CPS/Synergy/Collaborative Research: Cybernizing Mechanical Structures through Integrated Sensor-Structure Fabrication

CPS/协同/协作研究：通过集成传感器结构制造实现机械结构的网络化

• 批准号: 1544707
• 负责人: Jiong Tang
• 金额: $ 26万
• 依托单位: University of Connecticut
• 依托单位国家: 美国
• 项目类别: Standard Grant
• 财政年份: 2016
• 资助国家: 美国
• 起止时间: 2016-01-01 至 2020-12-31
• 项目状态: 已结题
• 来源: https://www.nsf.gov/awardsearch/showAward?AWD_ID=1544707&HistoricalAwards=false
• 关键词: CPS; Synergy; Collaborative; Research; Cybernizing

The timely and accurate in-service identification of faults in mechanical structures, such as airplanes, can play a vitally important role in avoiding catastrophes. One major challenge, however, is that the sensing system relies on high frequency signals, the coordination of which is difficult to achieve throughout a large structure. To tackle this fundamental issue, the research team will take advantage of 3D printing technology to fabricate integrated sensor-structure components. Specifically, the team plans to innovate a novel printing scheme that can embed piezoelectric transducers (namely, sensor/actuator coupled elements) into layered composites. As the transducers are densely distributed throughout the entire structure, they function like a nerve system embedded into the structure. Such a sensor nerve system, when combined with new control and command systems and advanced data and signal processing capability, can fully unleash the latest computing power to pinpoint the fault location.The new framework of utilizing emerging additive manufacturing technology to produce a structural system with integrated, densely distributed active sensing elements will potentially lead to paradigm-shifting progress in structural self-diagnosis. This advancement may allow the acquisition of high-quality, active interrogation data throughout the entire structure, which can then be used to facilitate highly accurate and robust decision-making. It will lead to intellectual contributions including: 1) development of a new sensing modality with mechanical-electrical dual-field adaptivity, that yields rich and high-quality data throughout the structure; 2) design of an additive manufacturing scheme that inserts piezoelectric micro transducer arrays throughout the structure to enable active interrogation; and 3) formulation of new data analytics and inverse analysis that can accurately identify the fault location/severity and guide the fine-tuning of the sensor system.
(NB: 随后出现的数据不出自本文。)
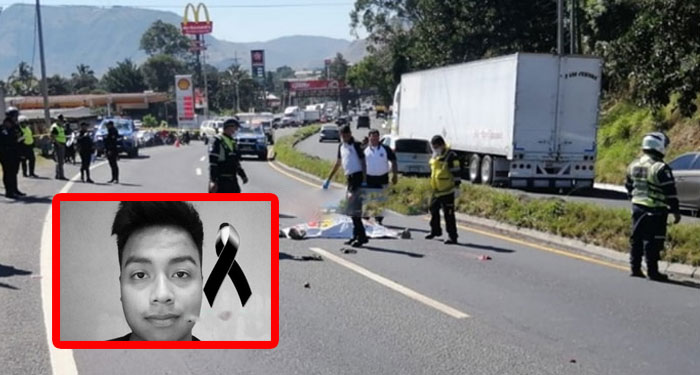 Familiar abandona a su primo luego de que cayera de la moto y fuera arrollado por un tráiler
及时、准确地识别飞机等机械结构的故障，对于避免灾难的发生具有重要的意义。 然而，一个主要的挑战是传感系统依赖于高频信号，在整个大型结构中难以实现高频信号的协调。 为了解决这个根本问题，研究团队将利用3D打印技术来制造集成传感器结构组件。 具体来说，该团队计划创新一种新型印刷方案，可以将压电换能器（即传感器/致动器耦合元件）嵌入分层复合材料中。 由于换能器密集地分布在整个结构中，它们的功能就像嵌入结构中的神经系统。 这种传感器神经系统与新的控制和指挥系统以及先进的数据和信号处理能力相结合，可以充分释放最新的计算能力来确定故障位置。利用新兴的增材制造技术来生产具有集成的、密集分布的主动传感元件的结构系统的新框架将可能导致结构自诊断的范式转变进展。 这种进步可以允许在整个结构中获取高质量的主动询问数据，然后可以使用这些数据来促进高度准确和鲁棒的决策。 它将导致智力贡献，包括：1）开发具有机电双场自适应性的新传感模式，在整个结构中产生丰富和高质量的数据; 2）设计增材制造方案，在整个结构中插入压电微换能器阵列，以实现主动询问;以及3）能够准确地识别故障位置/严重性并指导传感器系统的微调的新数据分析和逆分析的公式化。